Sunday, January 19, 2014

The Great (film) Debates vol. 106

Villains... boo! Well, not always.

What villain were you supposed to hate, but you could almost kind of maybe see yourself supporting?





Panelist: AndrewPrice

I could probably say Darth Vader in Star Wars actually. He clearly thinks his empire is a good thing and he has to deal with pesky rebel scum who are constantly trying to destroy it. But I'm not saying that. I'm going with Gordon Gekko from the first Wall Street only. Not only is nothing he does actually illegal, but you have to admit he's living an awesome lifestyle and he's making America more competitive. Besides, by Oliver Stone's own rules, Gekko has time to do good things with his money... and thereby make himself into a hero.

Panelist: Tennessee Jed

Well, I know it is television, but the late Larry Hagman as J.R. Ewing in Dallas is one of the great, complex, characters of all time. He was, to be sure, a back stabbing rat who would stop at nothing to gain total control of Ewing Oil, and defeat his enemies. But, he did love his extended family, and would stick by them as long as they did not threaten his own quest for power. And when it came enemies of the Ewing family, nobody could spin a trap quite like 'ole J.R.

Panelist: Floyd

Dean Wormer from Animal House. Even a little empathy with someone in charge shows that he was probably right. LOL I hate getting old. By that logic I guess Judge Smails in Caddyshack is also largely correct that the riffraff will (and did) ruin his beloved country club. Supporting doesn't mean "like" though. Now that I think of it, Sgt. Hulka in Stripes is similar. Harold Ramis didn't write a truly detestable villain until Walter Peck in Ghostbusters.

Panelist: BevfromNYC

I don’t like the villains! They are so villainous.

Panelist: ScottDS

Man, these questions are getting harder! The first answer that came to mind was General Zod in Man of Steel. He's only doing what he's been programmed to do: restore Krypton's way of life, and if that means the destruction of Earth, so be it. He only wanted what was best for his planet, and some tool in a red cape had to ruin his plans!

Comments? Thoughts?

49 comments:

Tennessee Jed said...

Scott, I know what you mean. I couldn't even come up with an example from a true "movie", although maybe that had something to do with old J.R. jumping in. As I was reading the answers, it occurred to me that Anthony Hopkins in "Fragile" elicited a hint of sympathy for the first portion of the film. Probably the hubris of Willie Beechum (Ryan Gosling) was a little responsible for that. However, by the end he had become so full of his own hubris that any sympathy evaporated, and the audience was rooting for a takedown.

Tennessee Jed said...

You could probably make a case that Dr. Evil would fit the bill, but since that is a comedy, it shouldn't really count. On the other hand, Tyler Durdin from Fight Club would not have been a bad choice.

AndrewPrice said...

I was actually talking about this the other day with someone and it struck us that what makes a villain sympathetic is that he has a chance to be the good guy, but fails.

AndrewPrice said...

Jed, I have NO idea what to make of Tyler Durdin!

Anonymous said...

I kind of always thought Jigsaw (from the "Saw" movies) was questionable as the "villain." His methods were gruesome & sadistic, but his goals were accomplished--for the survivors anyway. Weren't they--and society by extension--better off with a new appreciation for life?

Floyd R. Turbo said...

The Texas Ranger (Denver Pyle) in Bonnie and Clyde... a morally reprehensible movie (well made to be sure). They deserved every bullet in that car and yet the Ranger is the creepy one. Untrue. Bully for him!

Jason said...

I guess growing up is a factor, but I’d have to admit nowadays that Principal Ed Rooney isn’t in the wrong for wanting to bust Ferris Bueller for playing hookey. Though Jeffrey Jones plays him so slimily that I don’t feel too sorry for him…

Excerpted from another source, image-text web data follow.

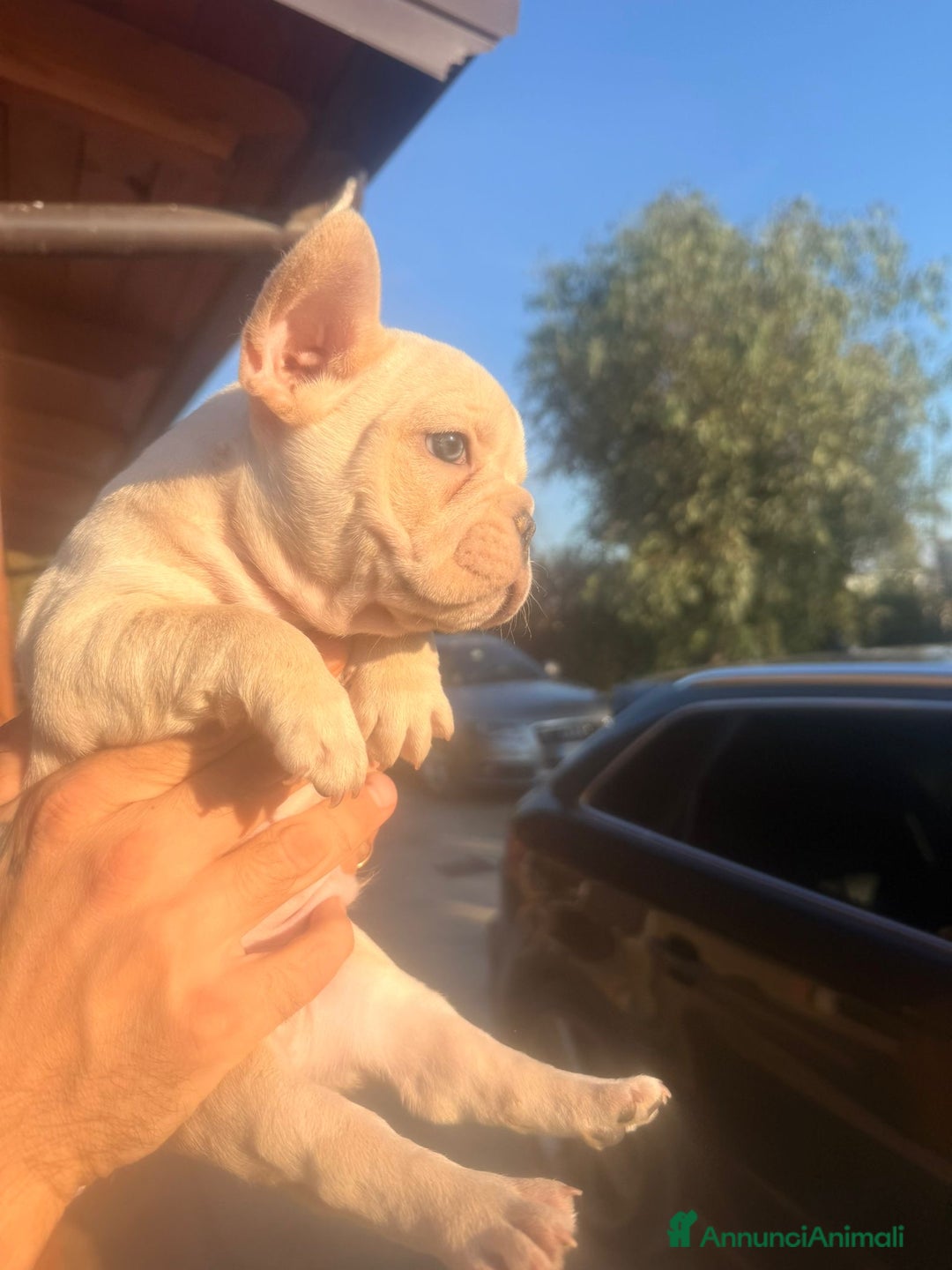 Bulldog Francese cani in vendita: Cuccioli bulldog francese esotico - Annuncio 8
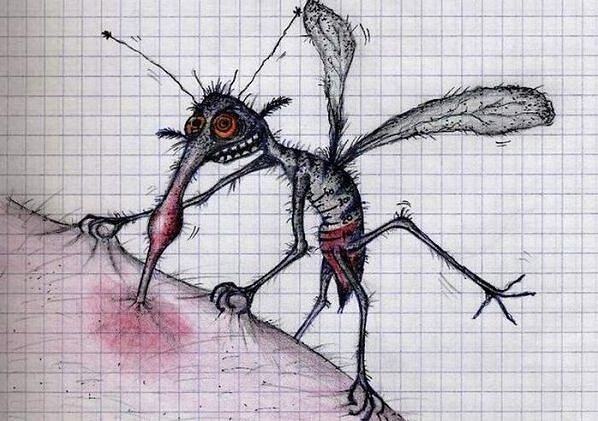 Obrázek Mosquitos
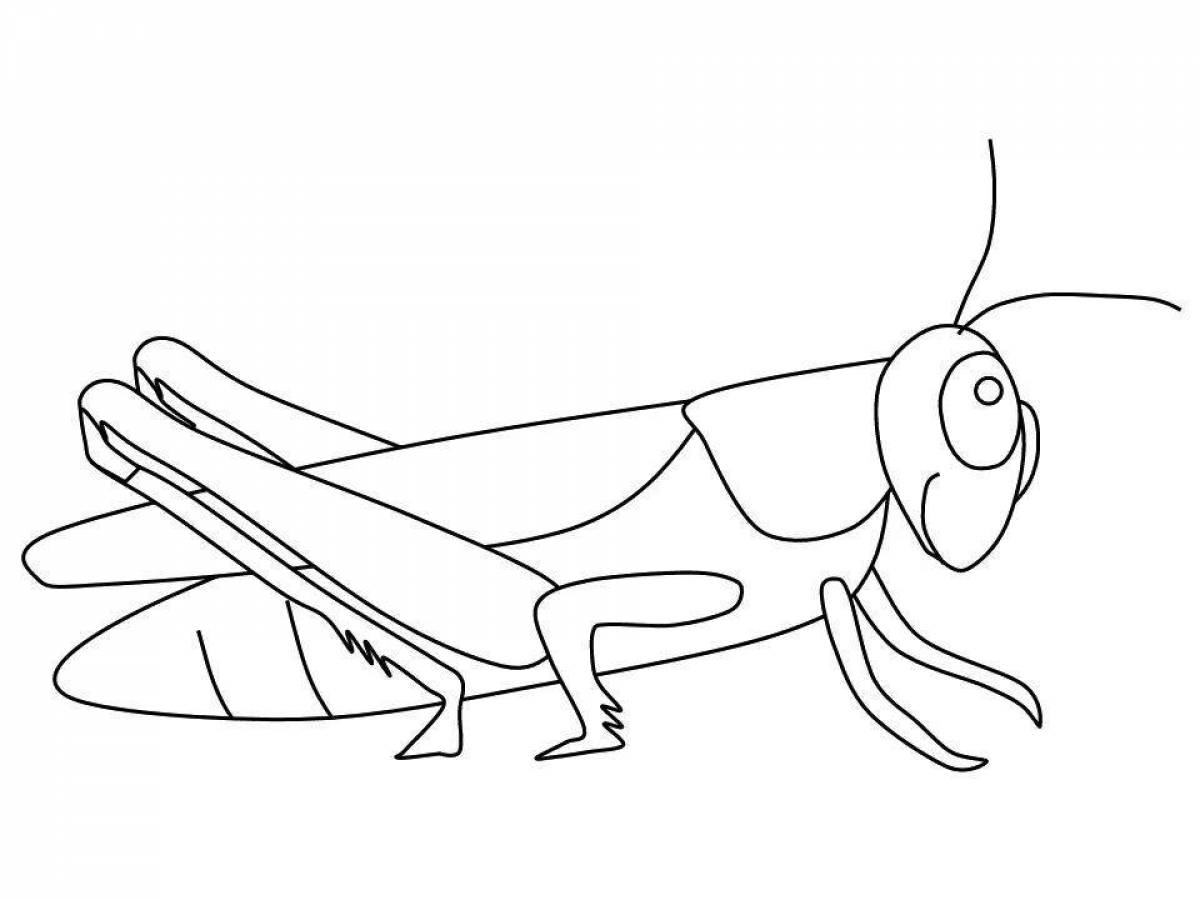 Creative grasshopper coloring book for kids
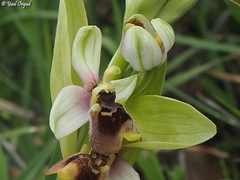 Ophrys bornmuelleri
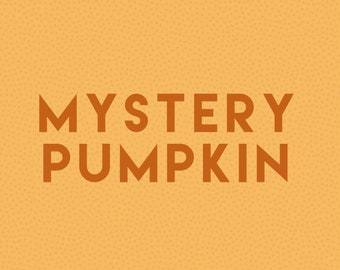 Mystery Pumpkin FREE SHIPPING, closeout colors, not quite perfects, modern rustic fall mantle decor, farmhouse centerpiece decor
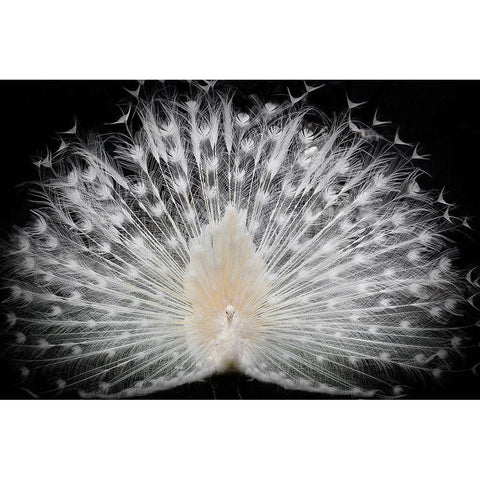 Black And White, White Modern Wood Framed Art Print by Liddi, Pino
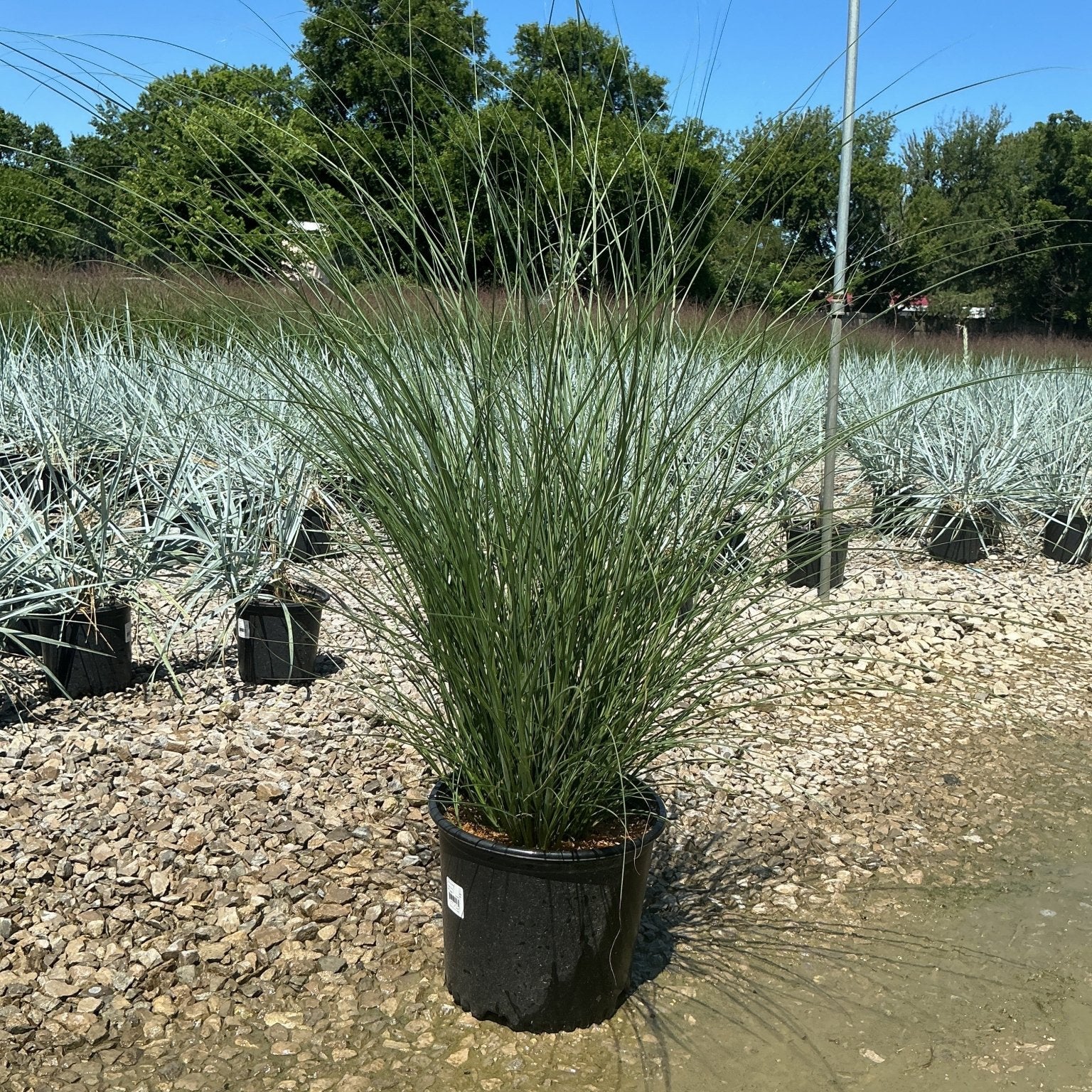 Miscanthus sinensis Gracillimus Maiden Grass in a #3 container at a nursery, showing tall arching green foliage.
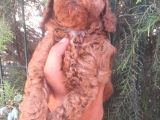 Muhteşem Toy Poodle Yavrularımız İstanbul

And how about Wile E. Coyote? When’s he ever going to catch his dinner? After his latest ACME-built trap fails on him for the millionth time, you wish he’d catch a break.

tryanmax said...

The fact that Tyler Durden isn't real makes him especially difficult to peg. Add in the fact that he purposely brings about his own demise -- not explicitly, but if you reason through it, taking Durden's primary motivation into account, it's the only conclusion -- he's sort of the hero against his own villainy. But it's hard to have sympathy for a psychotic delusion. (I know, I know, Tyler Durden doesn't really fit the description of any known psychosis. It's fiction and I needed to put a handle on it.)

Dave Olson said...

Speaking of Ed Rooney, Dick Vernon from The Breakfast Club shouldn't necessarily be thought of as a villain. He's not really a nice guy, but he's not really a bad guy either. He has a job to do, which involves imposing consequences upon students who broke the rules. Furthermore, and this is something that I've just now thought of despite seeing the movie dozens of times, he had to give up one of his Saturdays to be there as well. To quote John Bender, "Show Dick some respect!"

Kenn Christenson said...

Always have a soft spot for villains, who see the error of their ways- which is why I liked Oberst von Luger - the Commandant of the POW camp in "The Great Escape." His scene at the end of the film was excellent as he relayed the news about "the fifty."

tryanmax said...

I thought I should give a more "answery" answer. These are all from the world of superheroes. Mr. Freeze is probably the most sympathetic of all the Batman villains, and there are quite a few. (Though Schwarzenegger's punny turn at it is hard to feel sorry for.) Harvey Dent/Two-Face is nearly as tragic. And then there are all the psychotic villains like The Joker who ultimately have been failed by Arkam's miserable revolving-door mental health system.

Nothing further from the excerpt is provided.